Scraped caption text data
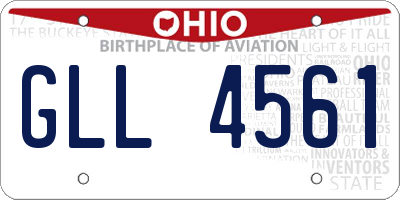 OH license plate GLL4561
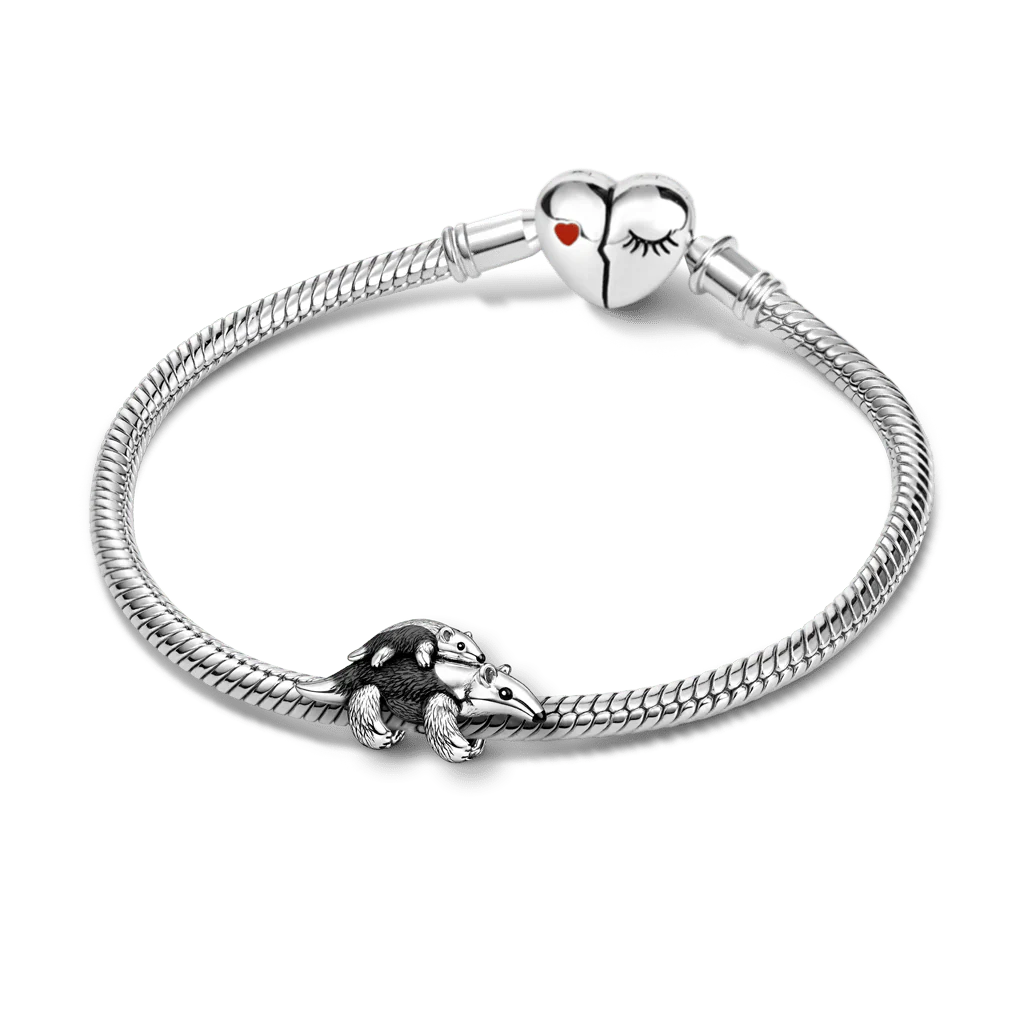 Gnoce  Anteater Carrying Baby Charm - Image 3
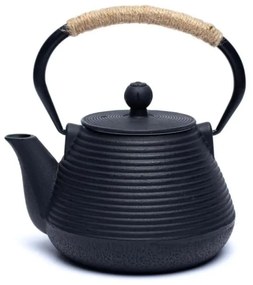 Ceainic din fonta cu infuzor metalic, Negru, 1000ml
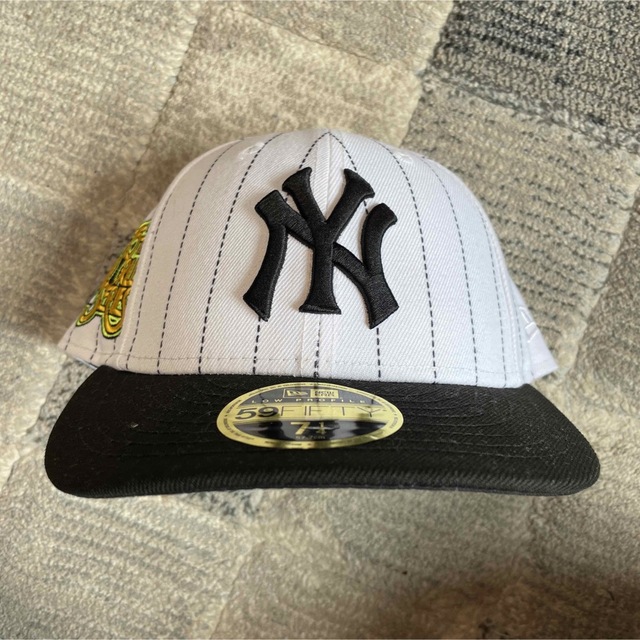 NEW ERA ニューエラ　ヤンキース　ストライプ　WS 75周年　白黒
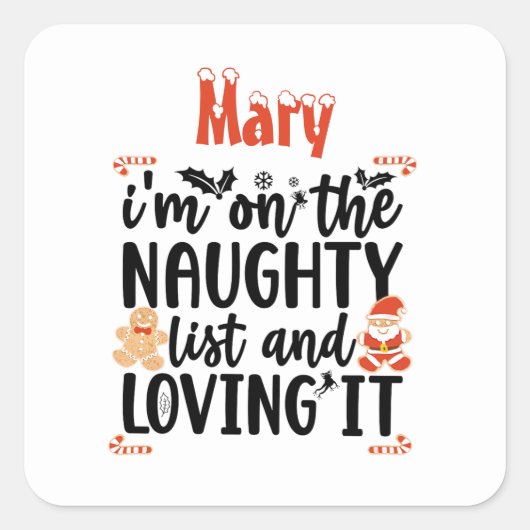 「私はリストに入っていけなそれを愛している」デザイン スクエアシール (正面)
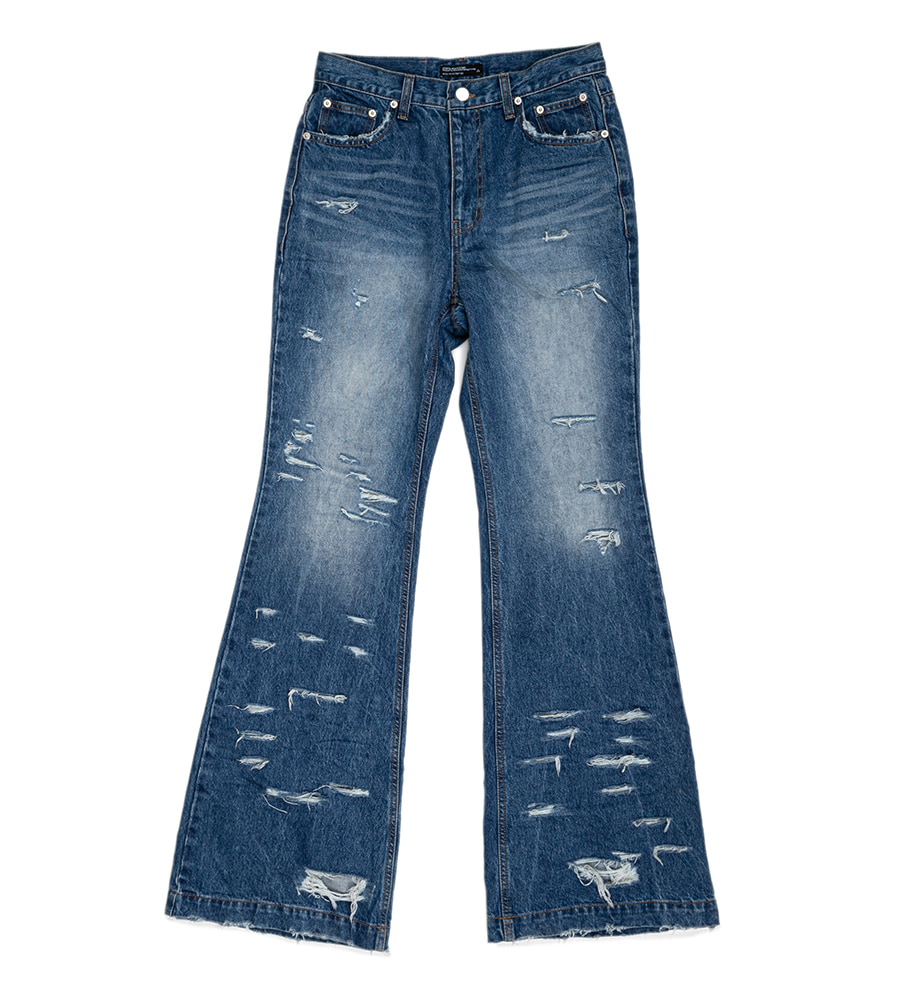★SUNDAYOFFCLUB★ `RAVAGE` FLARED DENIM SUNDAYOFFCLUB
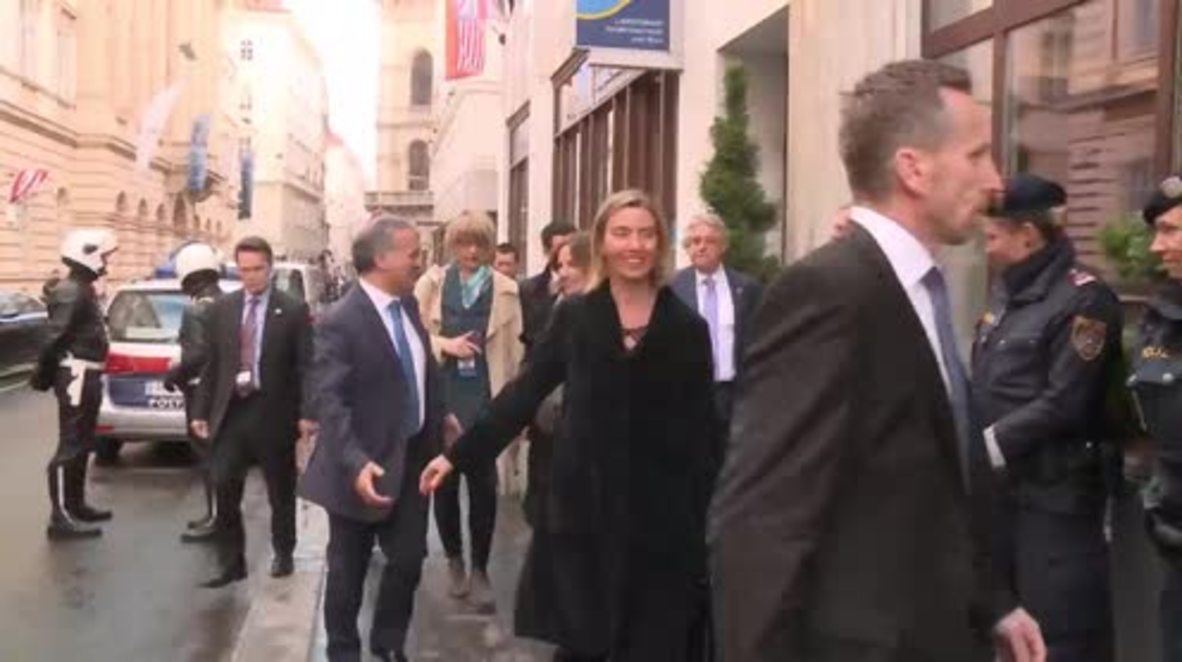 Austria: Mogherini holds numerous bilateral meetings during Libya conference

**Exercise goal**.
Reproduce exactly, and only, the lines that begin at the one containing "Charm - Image 3" and end with the final line of the data, both included, while omitting every picture.

**Answer space**.
 Gnoce  Anteater Carrying Baby Charm - Image 3
 Ceainic din fonta cu infuzor metalic, Negru, 1000ml
 NEW ERA ニューエラ　ヤンキース　ストライプ　WS 75周年　白黒
 「私はリストに入っていけなそれを愛している」デザイン スクエアシール (正面)
★SUNDAYOFFCLUB★ `RAVAGE` FLARED DENIM SUNDAYOFFCLUB
 Austria: Mogherini holds numerous bilateral meetings during Libya conference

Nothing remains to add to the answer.